Next reason is he was messaging numerous girls during the first month of your relationship.
Next one is he was messaging that girl on New year's eve saying he could have given a new year's kiss next one is that he was messaging
a girl when you were there and then the next one is he was digging you out of the gym and the next
one is that a girl come up to him in a bar so there is a story that we do not know about okay
and the next one is he likes his ex's instagrams um instagram photos okay that's what six or seven
reasons and i want you to write down reasons why you would stay in that relationship
okay oh because i love him so what you can love somebody else oh because he's funny so what
there's those are funny boys oh because he's attractive so what there's those are fit boys
okay honestly sorry to be brutal but you deserve way better than that that
is disgusting behavior am i being too much of a chill girlfriend chill is is not the word just
like he is being it's not you okay it's not that you're being too much of a chill girlfriend he is
just being too much of a massive prick and we're not we're not doing that darling no no see you later babe you cannot do
that to me again you cannot do this to me anymore i'm out of here i'm gonna go and find somebody
that treats me well makes me feel good doesn't make me insecure doesn't entertain other women
and good fucking riddance is what i say i know all the listeners will be with me on that there
is absolutely no way you can convince me that that relationship is what you're worthy of because it's bullshit.
He sounds like a prick.
So, love you.
You deserve better.
Okay, moving on.
Sorry to be so brutal.
That's literally probably the last thing you wanted to hear, but I don't know what else to say, darling.
I really don't.
Okay, next dilemma.
Hey, Leah.
I love listening to your podcast at work.
My dilemma is I feel very bored with my
job. I've only been there since last October, but it's just not fulfilling my creativity.
I see my boyfriend work in his dream job and loving every single day and I just cannot relate.

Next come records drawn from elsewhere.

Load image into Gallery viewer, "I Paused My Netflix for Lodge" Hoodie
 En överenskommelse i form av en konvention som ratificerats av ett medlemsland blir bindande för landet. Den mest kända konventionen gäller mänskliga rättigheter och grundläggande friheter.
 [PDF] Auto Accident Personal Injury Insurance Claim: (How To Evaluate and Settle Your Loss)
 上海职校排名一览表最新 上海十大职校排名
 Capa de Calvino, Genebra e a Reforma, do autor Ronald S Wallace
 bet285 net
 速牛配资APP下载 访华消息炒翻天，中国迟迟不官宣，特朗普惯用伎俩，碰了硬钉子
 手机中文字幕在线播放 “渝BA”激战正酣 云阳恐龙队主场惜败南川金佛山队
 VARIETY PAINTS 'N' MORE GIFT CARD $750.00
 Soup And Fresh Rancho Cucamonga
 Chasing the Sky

Although I do love the company and people I work with, is it worth sticking it out for longer or
start applying for something else? Okay, I genuinely believe, and I've said this quite a lot I think
towards the beginning of these episodes that your work should never be having a negative impact on
your life and I understand like oh what can be stressful and that is obviously normal like
obviously sometimes it's going to be it's going to make you feel negative and it's going to
go up and down but if it's just purely not fulfilling you and it's constant it's a constant feeling there are jobs
out there where it is not going to feel like that constantly so it's tough because obviously you
said like you love the company and you love the people you work with and for a lot of people like
that is what they look for in their job like as long as they're happy and they feel respected and
they have friends that they enjoy being around that you know that's what's important to them
but for a lot of other people it's like I want to be thriving like I'm not here to make friends
I'm here to go to the top of the company so um yeah I totally get why you'd be tempted to stay
but I just think um I would I would see what else is out there I would get applying for
jobs um and then you know hopefully you'll get a couple of interviews and you can go to the
go to these interviews and you probably will just get this feeling of like oh my god there is so
much better out there and you can stay in contact with all the friends that you've made at this job
like you'll never have to lose them do you know what I mean so yeah I think um you you you're bored and do you want to be bored with your job I think you
should um chase happiness and and that feeling of just like being alive you know so I think have a
look what else is out there and don't stress about it like you haven't got to do anything yet like
you can stay at this job for another year if you want you know you're so young you've got your
whole life ahead of you don't worry about it at all
I would just have a look what else is out there go to some job interviews and then you might get
an offer and you might be like oh my god this is everything like I love the I love the manager I
love the line of work I love the daily tasks they're going to make me really creative and
really come to life in the office or wherever it is. And yeah, I wouldn't
stress about it at all. I think just like take a day at a time, have a look what else is out there.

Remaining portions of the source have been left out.